The road journey from Blackpool to Beamish by Standard 147 finally reached its conclusion on the morning of Wednesday 2nd March, when the tram finally arrived at the North East museum. Once unloaded, Marton 31 was then placed on the same low loader for its own journey to Blackpool, which was completed significantly more quickly and the tram is now safely housed inside the Rigby Road car sheds.
However, the above paragraph does not really do justice to 147‘s recent adventures! As reported previously, the tram left Blackpool on the afternoon of Monday 29th February, somewhat later than anticipated as the lorry’s arrival was delayed. This was only the start of what would be a very protracted journey, with further issues encountered en route. The route to be taken by the haulage firm had been carefully planned out in advance taking the considerable height of the Standard car into full consideration, however it turned out that some of the data on bridge heights in County Durham which they had been given was inaccurate. Fortunately, the driver was extremely cautious and by positioning the lorry in the centre of the road and lowering the trailer as much as possible, the precious cargo was able to safely pass beneath the bridge. The closure of another bridge in Kendal also caused further delays and no doubt the grim weather provided further challenges, but on 2nd March, 147 finally reached its destination to the relief of many.

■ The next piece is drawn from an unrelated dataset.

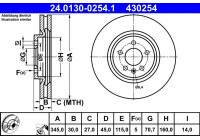 Disque de frein 24.0130-0254.1 ATE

Sadly, 147 did not reach Beamish completely unscathed – a few of its quarter light glasses were damaged in transit after a close encounter with some tree branches – but otherwise the tram is alive and well despite its epic journey! Unusually, it was unloaded at the tram stop nearest to the Museum Entrance before being towed to the depot by Sunderland 16. There no time was wasted in removing the broken glass for repair and preparing the tram for service, with a general commissioning exam being undertaken. The trolleybase was reassembled and a spare trolley pole with carbon skate prepared for fitting, whilst the car’s lifeguards were put back in place. It is hoped to complete the commissioning process on Thursday so that the tram can run for testing and crew training purposes on Friday 4th March, to hopefully allow it to debut in public service at Beamish for the weekend’s ‘Power from the Past’ event.
It had been expected that this would weekend also witness the launch of Sheffield 264, but sadly it will not be ready as although the actual restoration is complete, the painting remains unfinished. Work will continue over the next week or so and the tram should be visible inside the depot at the event, with a launch date to be announced shortly.
Blackpool 31 was loaded up onto the same lorry that had brought 147 to Beamish, with Sunderland 16 again helping out by pushing the tram towards the ramp onto the low loader. Happily 31 had a much less eventful journey and by the end of the afternoon, it was safely in Blackpool. The tram was quickly unloaded and placed inside the Electrical Compound, which has become quite the meeting place for recently repatriated tramcars of late!
Once again, our thanks go to all involved in making this temporary swap of trams possible, and we look forward to sampling both 31 at Blackpool and 147 at Beamish in the near future! Full credit should also be given to Calkeld’s Heavy Haulage who carried out both moves with great professionalism and who ensured that these were carried out as smoothly as possible.